A genuine tenderizer did not appear until the late 1940’s, after two young men discovered a restaurateur in California who served good steaks for very little money. They learned he had a secret process for tenderizing his steaks and paid him a rather indifferent sum for the formula. This was more or less the start of a commercial meat tenderizer based on use of the papaya enzyme. It was not exactly a new idea, for the Central and South Americans had been using papaya leaves to tenderize for generations. However, it was entirely new and magical to North America, and soon the market was flooded with tenderizers of different brands and qualities. Through continued research the effectiveness of the original tenderizer has been improved far more than most of the others.
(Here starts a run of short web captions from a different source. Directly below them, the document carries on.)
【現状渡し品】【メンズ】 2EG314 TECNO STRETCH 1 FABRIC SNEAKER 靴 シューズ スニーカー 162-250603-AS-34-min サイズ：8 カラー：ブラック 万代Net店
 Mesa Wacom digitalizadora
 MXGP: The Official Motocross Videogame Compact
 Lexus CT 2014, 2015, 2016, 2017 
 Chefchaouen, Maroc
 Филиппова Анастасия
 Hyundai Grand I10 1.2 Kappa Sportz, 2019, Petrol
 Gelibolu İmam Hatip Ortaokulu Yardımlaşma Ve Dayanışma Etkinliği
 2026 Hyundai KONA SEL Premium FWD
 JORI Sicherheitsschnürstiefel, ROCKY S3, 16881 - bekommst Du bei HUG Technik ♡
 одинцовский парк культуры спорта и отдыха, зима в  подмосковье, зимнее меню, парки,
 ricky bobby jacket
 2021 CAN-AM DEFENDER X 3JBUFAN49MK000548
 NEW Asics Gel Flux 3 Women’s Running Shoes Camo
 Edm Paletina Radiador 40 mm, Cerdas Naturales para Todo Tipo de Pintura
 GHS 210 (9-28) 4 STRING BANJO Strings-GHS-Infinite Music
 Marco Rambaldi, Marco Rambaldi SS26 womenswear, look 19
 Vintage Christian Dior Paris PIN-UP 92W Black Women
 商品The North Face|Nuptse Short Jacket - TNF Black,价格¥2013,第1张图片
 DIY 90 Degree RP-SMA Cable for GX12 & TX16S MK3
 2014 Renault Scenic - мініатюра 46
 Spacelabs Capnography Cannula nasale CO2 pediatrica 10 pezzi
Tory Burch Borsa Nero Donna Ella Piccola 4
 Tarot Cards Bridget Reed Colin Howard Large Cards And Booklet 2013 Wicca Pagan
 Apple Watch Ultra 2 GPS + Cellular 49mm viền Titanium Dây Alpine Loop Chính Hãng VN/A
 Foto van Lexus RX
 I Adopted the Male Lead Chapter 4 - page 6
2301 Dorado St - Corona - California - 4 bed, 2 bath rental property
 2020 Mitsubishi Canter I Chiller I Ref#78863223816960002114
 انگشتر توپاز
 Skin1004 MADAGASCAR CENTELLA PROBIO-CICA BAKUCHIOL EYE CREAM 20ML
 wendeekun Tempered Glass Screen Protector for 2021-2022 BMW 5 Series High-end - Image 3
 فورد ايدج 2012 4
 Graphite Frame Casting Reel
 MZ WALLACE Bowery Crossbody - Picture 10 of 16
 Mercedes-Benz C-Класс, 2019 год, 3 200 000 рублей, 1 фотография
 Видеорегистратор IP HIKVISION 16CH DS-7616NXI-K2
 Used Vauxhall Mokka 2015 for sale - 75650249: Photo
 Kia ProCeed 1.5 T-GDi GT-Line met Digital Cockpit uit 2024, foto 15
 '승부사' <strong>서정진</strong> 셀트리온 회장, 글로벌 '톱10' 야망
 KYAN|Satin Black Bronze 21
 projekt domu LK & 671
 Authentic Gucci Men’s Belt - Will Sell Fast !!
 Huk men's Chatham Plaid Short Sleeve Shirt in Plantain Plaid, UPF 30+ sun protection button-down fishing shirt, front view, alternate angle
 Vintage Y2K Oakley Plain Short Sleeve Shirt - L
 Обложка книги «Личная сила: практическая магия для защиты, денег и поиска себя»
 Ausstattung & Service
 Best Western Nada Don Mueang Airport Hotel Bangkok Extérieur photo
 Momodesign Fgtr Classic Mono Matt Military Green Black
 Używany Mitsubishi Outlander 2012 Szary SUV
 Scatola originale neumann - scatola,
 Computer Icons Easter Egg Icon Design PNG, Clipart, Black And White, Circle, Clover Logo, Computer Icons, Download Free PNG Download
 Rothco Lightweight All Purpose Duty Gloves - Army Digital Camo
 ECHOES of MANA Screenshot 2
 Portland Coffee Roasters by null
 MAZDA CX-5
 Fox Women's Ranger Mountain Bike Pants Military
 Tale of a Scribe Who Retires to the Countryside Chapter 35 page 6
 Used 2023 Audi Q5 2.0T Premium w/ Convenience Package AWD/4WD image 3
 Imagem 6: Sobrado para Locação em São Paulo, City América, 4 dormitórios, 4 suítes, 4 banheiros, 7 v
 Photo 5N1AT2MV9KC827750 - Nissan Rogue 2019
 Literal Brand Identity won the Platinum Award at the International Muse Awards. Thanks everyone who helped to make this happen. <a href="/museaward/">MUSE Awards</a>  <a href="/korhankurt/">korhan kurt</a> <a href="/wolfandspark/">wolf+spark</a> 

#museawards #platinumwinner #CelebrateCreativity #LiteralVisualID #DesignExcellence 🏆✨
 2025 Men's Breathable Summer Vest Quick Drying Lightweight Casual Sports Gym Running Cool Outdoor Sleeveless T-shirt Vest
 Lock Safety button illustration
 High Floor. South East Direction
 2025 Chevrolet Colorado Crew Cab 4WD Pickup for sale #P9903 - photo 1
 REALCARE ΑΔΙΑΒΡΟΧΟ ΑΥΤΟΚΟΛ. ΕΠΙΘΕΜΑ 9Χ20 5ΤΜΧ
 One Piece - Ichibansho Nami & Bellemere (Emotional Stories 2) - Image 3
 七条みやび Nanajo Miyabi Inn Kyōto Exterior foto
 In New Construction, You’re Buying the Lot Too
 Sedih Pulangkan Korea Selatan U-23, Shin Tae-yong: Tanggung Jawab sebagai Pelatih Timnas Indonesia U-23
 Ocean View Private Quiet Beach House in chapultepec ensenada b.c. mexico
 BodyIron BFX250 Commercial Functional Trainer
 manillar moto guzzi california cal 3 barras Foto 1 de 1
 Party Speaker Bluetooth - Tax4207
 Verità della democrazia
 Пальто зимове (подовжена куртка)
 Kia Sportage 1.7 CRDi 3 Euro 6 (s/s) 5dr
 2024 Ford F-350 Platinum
It is true that if you follow directions faithfully a tenderizer can give remarkably satisfactory results. Tenderizers are available in liquid and powdered form, seasoned and unseasoned. I myself prefer the unseasoned variety. There is even a minute marinade available for meats that accomplishes in a short time the tenderizing and seasoning that normally would require several days. Many restaurants have made fortunes by serving inferior grades of beef, tenderized and attractively cooked, to a public who could not afford the prices of steaks in fine restaurants. There is even some beef available that is tenderized before slaughtering by being fed the papaya enzyme. This meat is handled by two of the big supermarket chains.” [1]Beard, James. American Cookery. Boston, MA: Little, Brown and Company. 1972. Page 256.

References[+]

References
↑1 Beard, James. American Cookery. Boston, MA: Little, Brown and Company. 1972. Page 256.